Rachele ha altri progetti, questo è chiaro fin dall’inizio. Anche se Du Maurier ce la presenta filtrata dalle paure e dalle ossessioni di Philip, non affiora mai un giudizio morale negativo su Rachele. È chiaro che lei ha in mente il denaro, ma non c’è da biasimarla per questo; d’altra parte, è evidente che è giusto così: è rimasta vedova con un testamento non firmato. Du Maurier fa passare questo concetto in ogni modo possibile, mettendolo in bocca praticamente a ogni personaggio del libro.
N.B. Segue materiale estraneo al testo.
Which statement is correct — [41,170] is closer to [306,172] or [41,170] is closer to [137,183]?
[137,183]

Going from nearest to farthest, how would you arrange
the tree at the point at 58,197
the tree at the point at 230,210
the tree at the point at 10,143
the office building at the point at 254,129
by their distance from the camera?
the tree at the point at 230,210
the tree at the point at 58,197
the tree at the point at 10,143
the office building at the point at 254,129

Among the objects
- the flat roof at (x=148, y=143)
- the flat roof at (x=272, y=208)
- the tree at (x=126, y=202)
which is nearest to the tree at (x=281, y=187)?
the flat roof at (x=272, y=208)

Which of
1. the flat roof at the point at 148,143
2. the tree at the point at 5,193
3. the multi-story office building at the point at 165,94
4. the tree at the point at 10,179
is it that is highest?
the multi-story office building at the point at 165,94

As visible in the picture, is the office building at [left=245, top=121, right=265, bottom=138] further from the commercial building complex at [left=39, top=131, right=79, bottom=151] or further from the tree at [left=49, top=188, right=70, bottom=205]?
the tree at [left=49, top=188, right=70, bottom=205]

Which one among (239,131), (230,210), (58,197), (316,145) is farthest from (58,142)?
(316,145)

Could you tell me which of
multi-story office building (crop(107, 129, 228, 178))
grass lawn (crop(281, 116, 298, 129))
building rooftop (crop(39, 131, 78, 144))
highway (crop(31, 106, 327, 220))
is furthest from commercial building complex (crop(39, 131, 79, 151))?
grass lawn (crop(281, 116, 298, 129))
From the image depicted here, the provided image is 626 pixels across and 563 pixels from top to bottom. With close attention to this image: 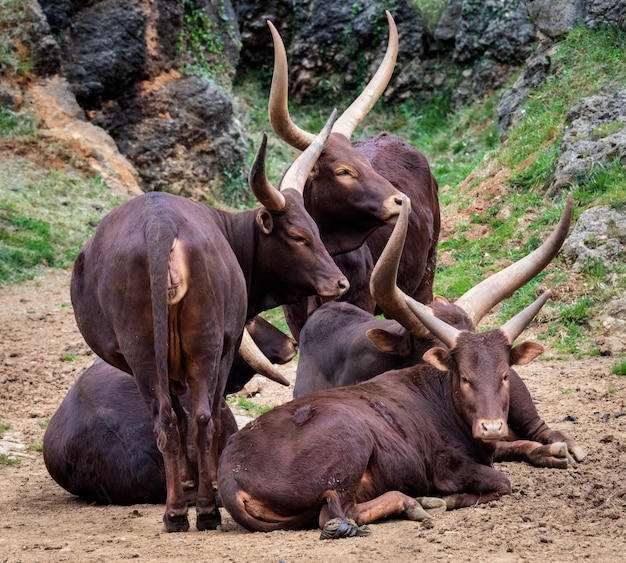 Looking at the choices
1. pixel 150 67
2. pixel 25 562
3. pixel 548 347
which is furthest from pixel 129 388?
pixel 150 67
Allo stesso tempo davanti all’ingenuità di Philip, Rachele appare spietata, ma di una spietatezza mai davvero condannabile, mentre Philip risulta irritante e piagnucoloso come un bimbetto, finché nell’ultima parte si trasforma in un uomo violento. È la parabola di un bambino capriccioso che diventa grande e pericoloso, mentre quella di Rachele è la storia delle donne che si devono barcamenare senza indipendenza economica, manipolando un maschio più ignorante di loro.

– L’ambiguità della storia, il cui mistero non ha volutamente un vero scioglimento, rispecchia il suo concept. Per tutto il racconto, Rachele è stata l’oggetto delle proiezioni di Philip, per cui neanche per noi ci sarà mai davvero il modo di scoprire con certezza quali delle sue e delle nostre supposizioni fossero esatte e quali delle fantasie.